* DATA UNDER STUDY *
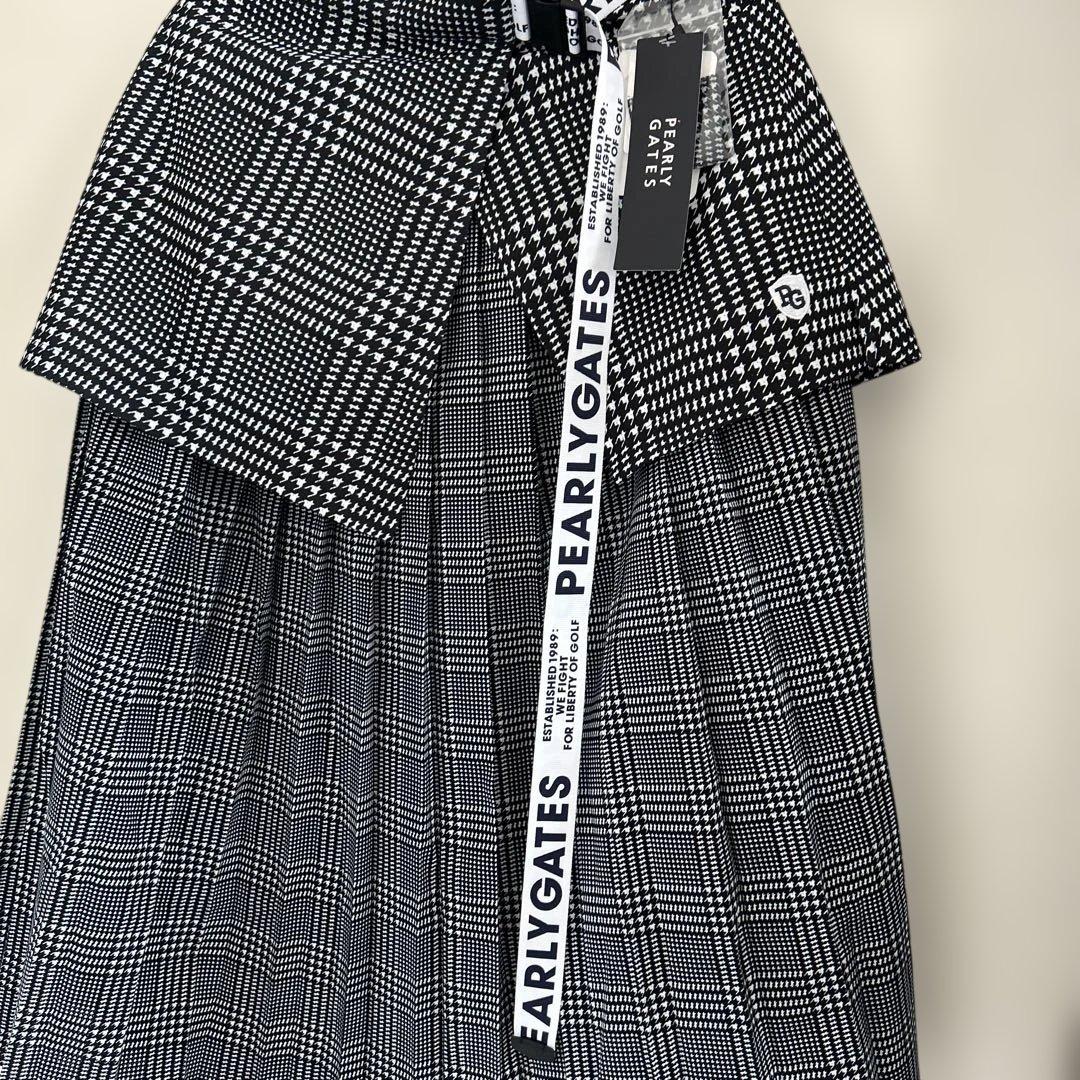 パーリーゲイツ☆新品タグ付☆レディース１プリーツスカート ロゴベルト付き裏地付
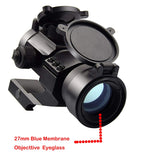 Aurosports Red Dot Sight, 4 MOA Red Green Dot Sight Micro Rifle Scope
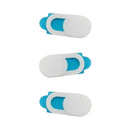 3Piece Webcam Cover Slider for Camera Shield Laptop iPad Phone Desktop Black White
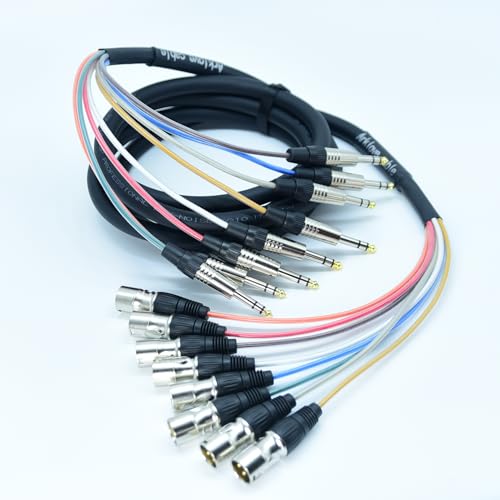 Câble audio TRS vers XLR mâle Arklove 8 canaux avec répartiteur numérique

...

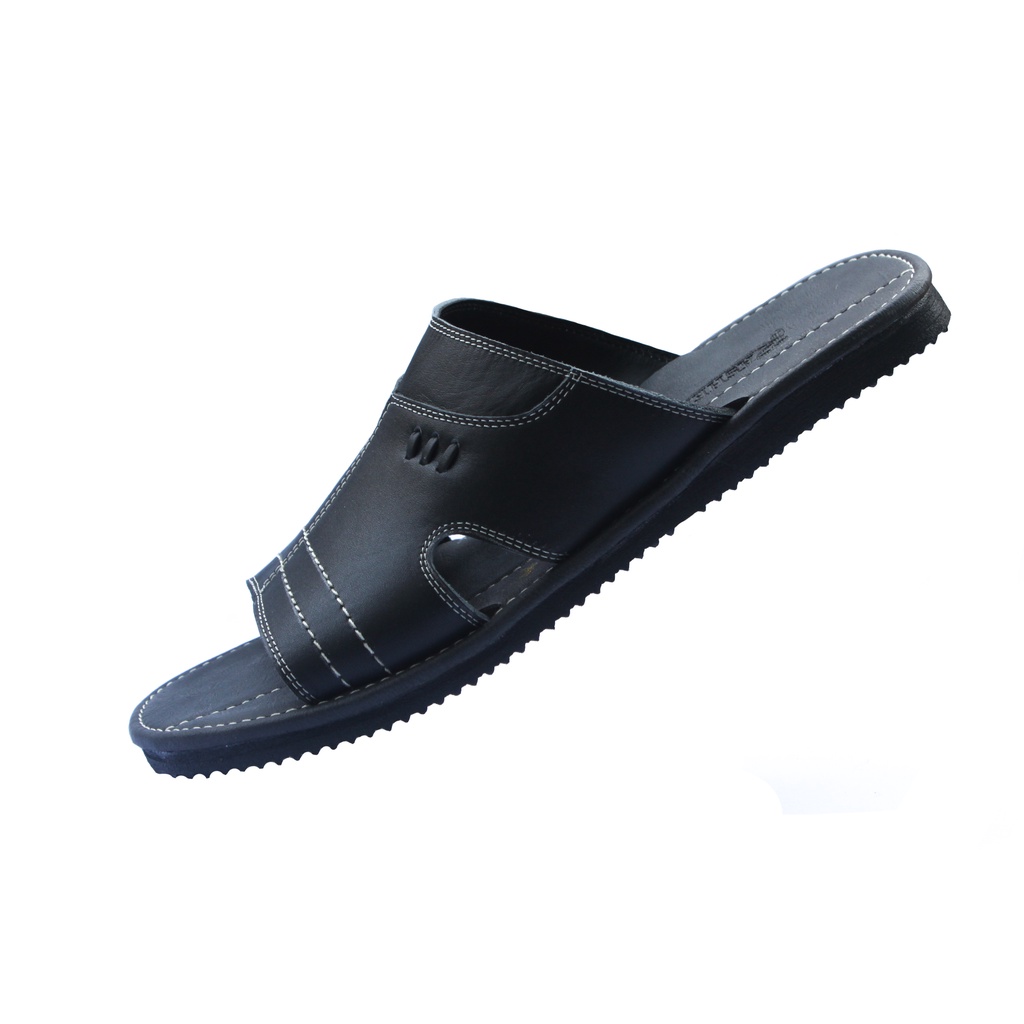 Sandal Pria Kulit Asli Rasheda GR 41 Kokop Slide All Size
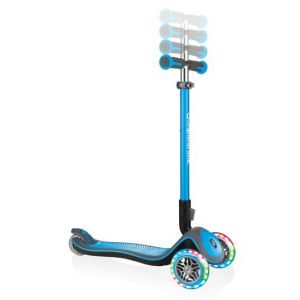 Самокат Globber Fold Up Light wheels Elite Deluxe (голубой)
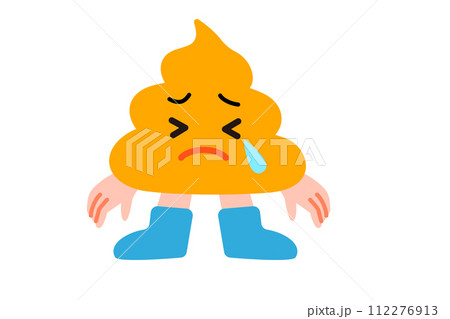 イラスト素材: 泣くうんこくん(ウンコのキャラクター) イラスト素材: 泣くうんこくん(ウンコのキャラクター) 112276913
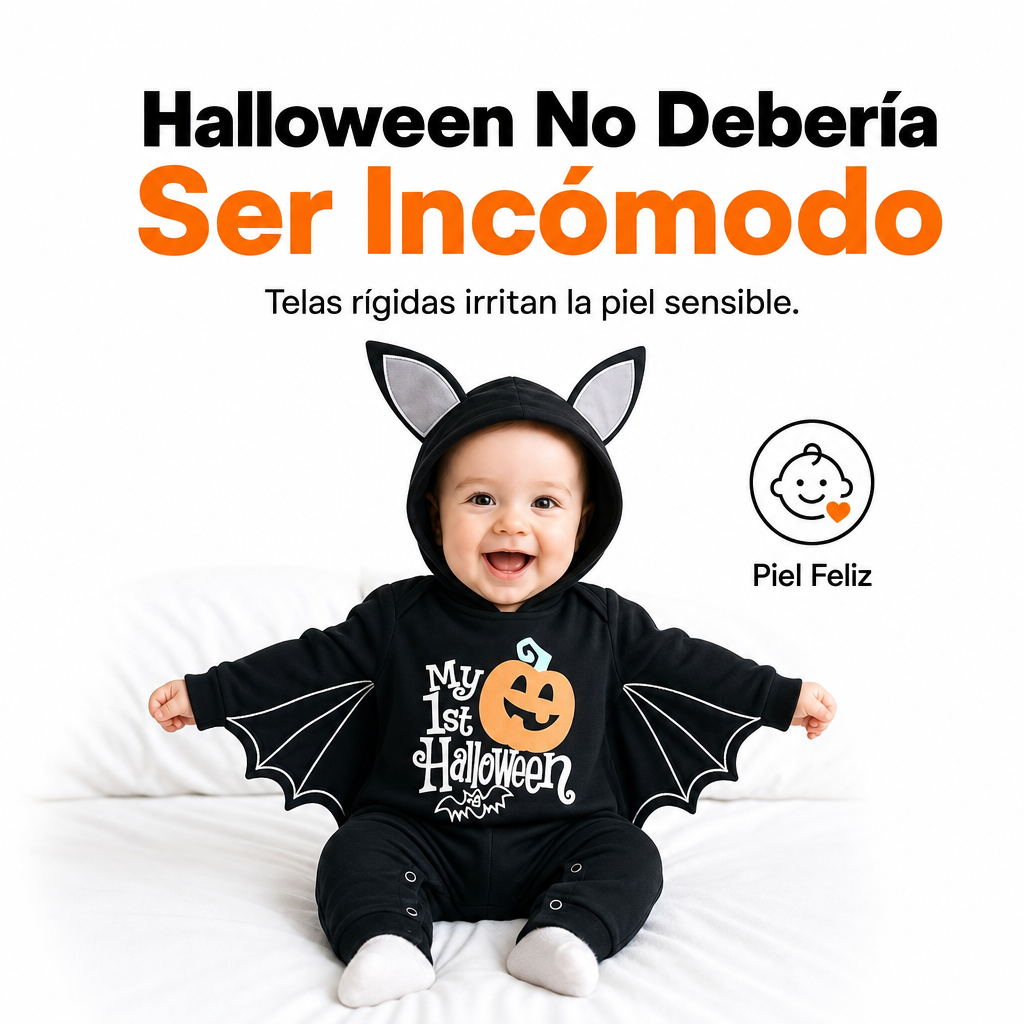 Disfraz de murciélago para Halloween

...

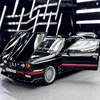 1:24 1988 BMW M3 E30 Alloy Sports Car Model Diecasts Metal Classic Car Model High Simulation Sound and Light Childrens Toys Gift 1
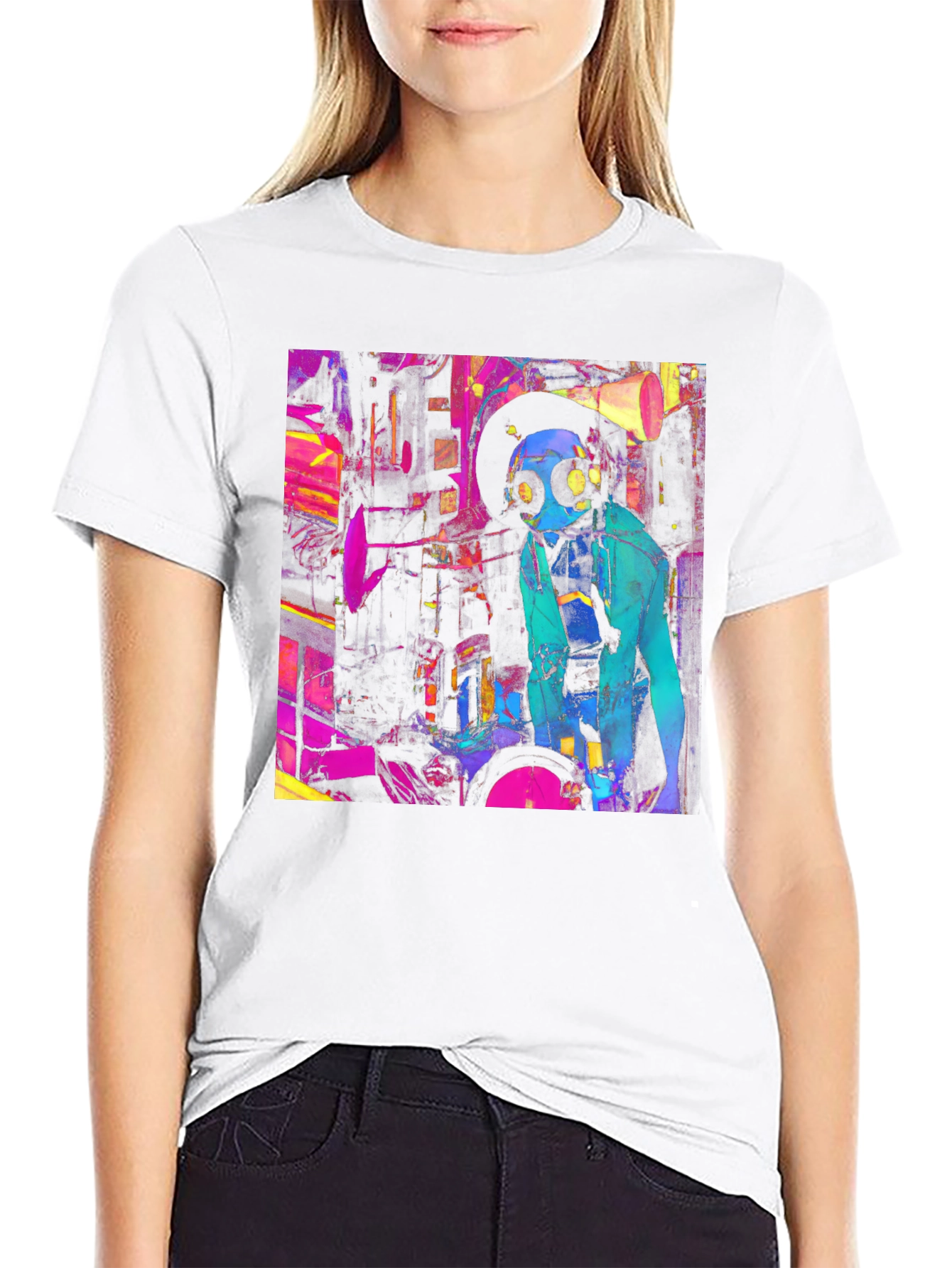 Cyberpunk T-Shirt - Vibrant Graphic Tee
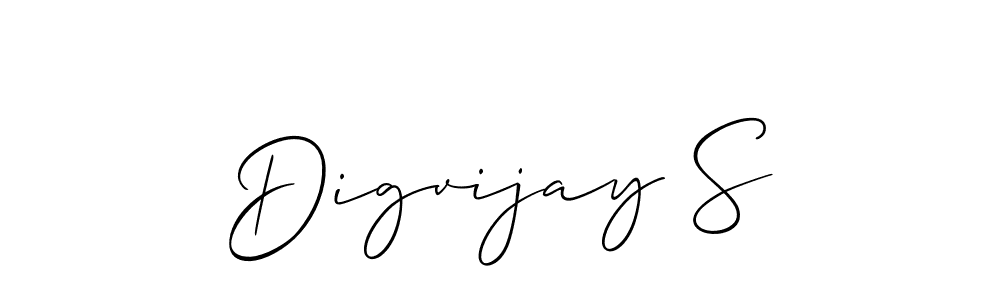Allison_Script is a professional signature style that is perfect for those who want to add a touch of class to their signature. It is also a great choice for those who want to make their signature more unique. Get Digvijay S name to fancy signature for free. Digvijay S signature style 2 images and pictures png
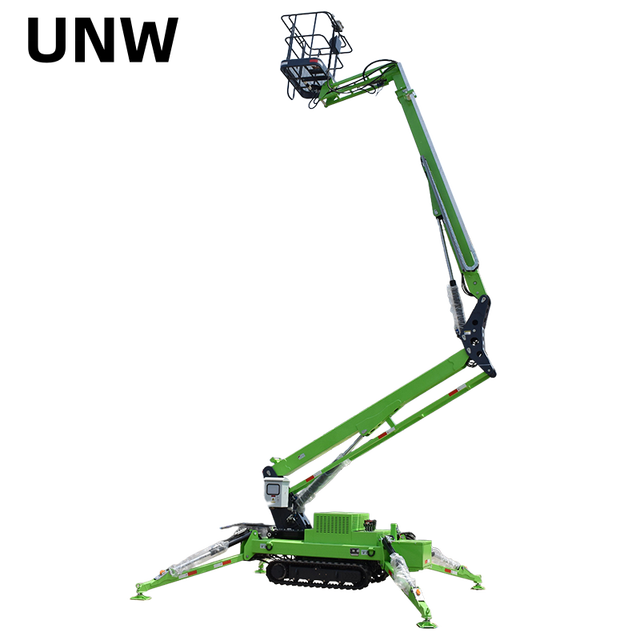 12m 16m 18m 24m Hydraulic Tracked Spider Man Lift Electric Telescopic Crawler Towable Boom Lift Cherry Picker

* WORK ORDER *
Treat the line with "Самокат Globber Fold" as the start and the line with "Disfraz de murciélago para Halloween" as the end, and return exactly that span of the data above, both ends included, without pictures.

* EXPECTED OUTPUT *
 Самокат Globber Fold Up Light wheels Elite Deluxe (голубой)
 イラスト素材: 泣くうんこくん(ウンコのキャラクター) イラスト素材: 泣くうんこくん(ウンコのキャラクター) 112276913
 Disfraz de murciélago para Halloween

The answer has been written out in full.